Occurrences in the neighborhood of the sleeping person may
also reflect themselves allegorically in dreams. The striking
of a clock may evoke the picture of soldiers marching by to
the sound of their drums. Or a falling chair can become the
origin of a complete dream-drama in which the sound of
falling is translated into a gun report, and so forth. The
more regulated dreams of the person whose etheric body has
begun its development have also this allegorical method of
expression, but they will cease to repeat merely the facts of
the physical environment or of the sense-body. As these
dreams which owe their origin to such things become orderly
they are mixed up with similar dream-pictures which are the
expression of things and events in another world. Here one
has experiences that lie beyond the range of one's waking
consciousness. Now it must never be fancied that any true
mystic will then make the things which in this manner he
experiences in dreams the basis of any authoritative account
of the higher world.

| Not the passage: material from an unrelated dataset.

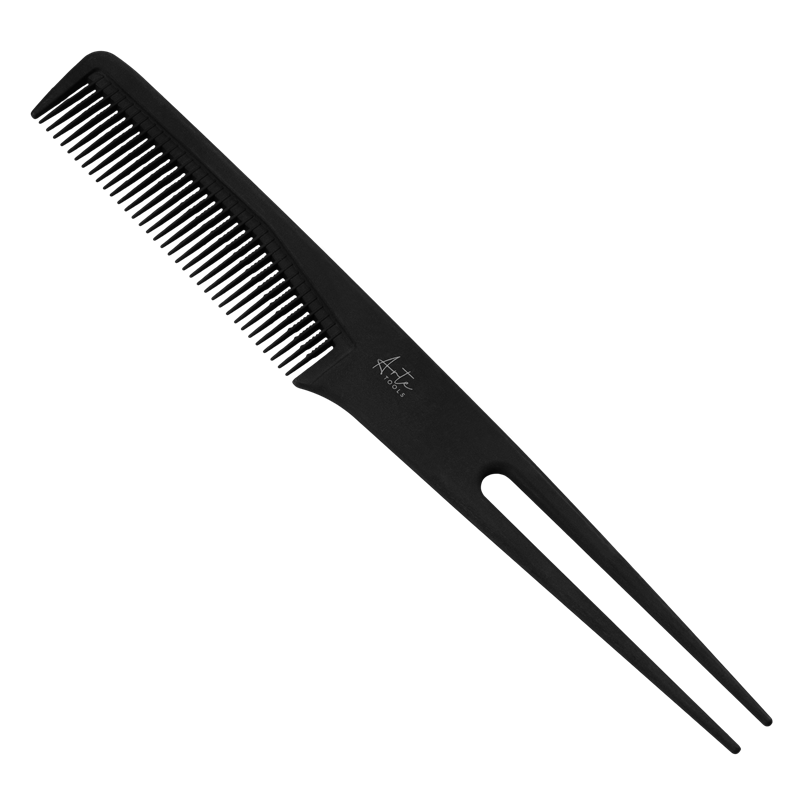 ARTE TOOLS Karbonový hřeben s dvěma hroty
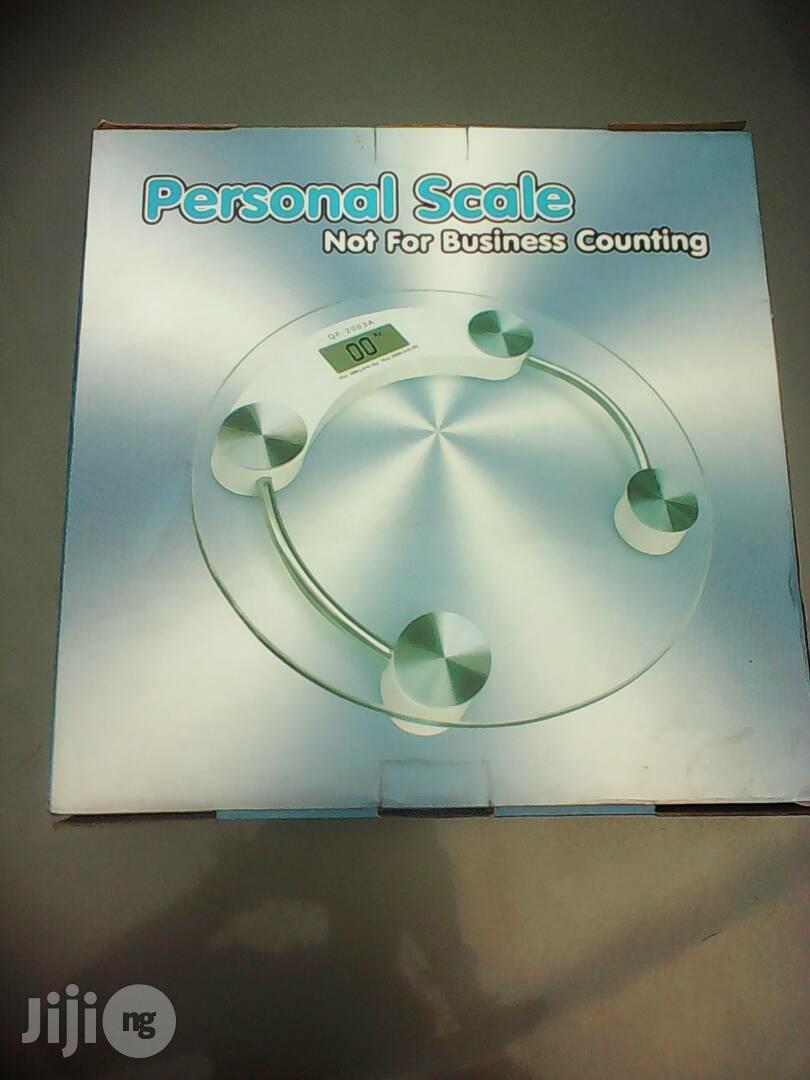 Digital Scale Glass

One must only consider such
dream-experiences as hints of a higher development. Very
soon, as a further result of this, we find that the pictures
of the dreaming student are no longer, as hitherto, withdrawn
by the guidance of a careful intellect, but are regulated
thereby, and methodically considered like the conceptions and
impressions of the waking consciousness. The difference
between this dream-consciousness and the waking state grows
ever smaller and smaller. The dreamer becomes, in the fullest
meaning of the word, awake in his dream-life : that is to
say, he can feel himself to be the master and leader of the
pictures which then appear.
During his
dreams the individual actually finds himself in a world which
is other than that of his physical senses. But if he
possesses only unevolved spiritual organs, he can receive
from that world only the confused dramatizations already
mentioned. It would only be as much at his disposal as would
be the sense-world to a being equipped with nothing but the
most rudimentary of eyes. In consequence he could only
discern in this world the reflections and reverberations of
ordinary life. Yet in dreams he can see these, because his
soul interweaves its daily perceptions as pictures into the
stuff of which that other world consists. It must here be
clearly understood that in addition to the workaday conscious
life, one leads in this world a second and unconscious
existence. Everything that one perceives or thinks becomes
impressed upon this other world. Only if the lotus-flowers
are evolved can one perceive these impressions. Now certain
minute beginnings of the lotus-flowers are always at the
disposal of anyone. During daily consciousness he cannot
perceive with them, because the impressions made on him are
very faint. It is for similar reasons that during the daytime
one cannot see the stars. They cannot strike our perceptions
when opposed by the fierce and active sunlight, and it is
just in this way that faint spiritual impressions cannot make
themselves felt in opposition to the masterful impressions of
the physical senses. When the door of outward sense is closed
in sleep, these impressions can emerge confusedly, and then
the dreamer remembers what he has experienced in another
world. Yet, as already remarked, at first these experiences
are nothing more than that which conceptions related to the
physical senses have impressed on the spiritual world. Only
the developed lotus-flowers make it possible for
manifestations which are unconnected with the physical world
to show themselves. Out of the development of the etheric
body arises a full knowledge concerning the impressions that
are conveyed from one world to another. With this the
student's communication with a new world has begun. He must
now — by means of the instructions given in his occult
training — first of all acquire a twofold nature. It must
become possible for him during waking hours to recall quite
consciously the beings he has observed in dreams. If he has
acquired this faculty he will then become able to make these
observations during his ordinary waking state. His attention
will have become so concentrated upon spiritual impressions
that these impressions need no longer vanish in the light of
those which come through the senses, but are, as it were,
always at hand.
If the student
is able to do this, there then arises before his spiritual
eyes something of the picture which has been described in a
former chapter. He can now discern that what exists in the
spiritual world is the origin of that which corresponds to it
in the physical world, and, above all things, can he learn in
this world to know his own higher self. The task that now
confronts him is to grow, as it were, into this higher self,
or, in other words, to regard it as his only true self, and
also to conduct himself accordingly. He now retains, more and
more, the conception and the vital realization that his
physical body and what hitherto he designated “himself
” is only an instrument of the higher self. He takes an
attitude toward his lower self, such as might be taken by
some one limited to the world of sense with regard to some
instrument or vehicle which serves him. Just as such a person
would not consider the carriage in which he travelled to be
himself, though he says “I travel,” or “I
go,” so, too, the developed person, when he says
“I go through the door,” retains in his mind the
conception, “I take my body through the door.”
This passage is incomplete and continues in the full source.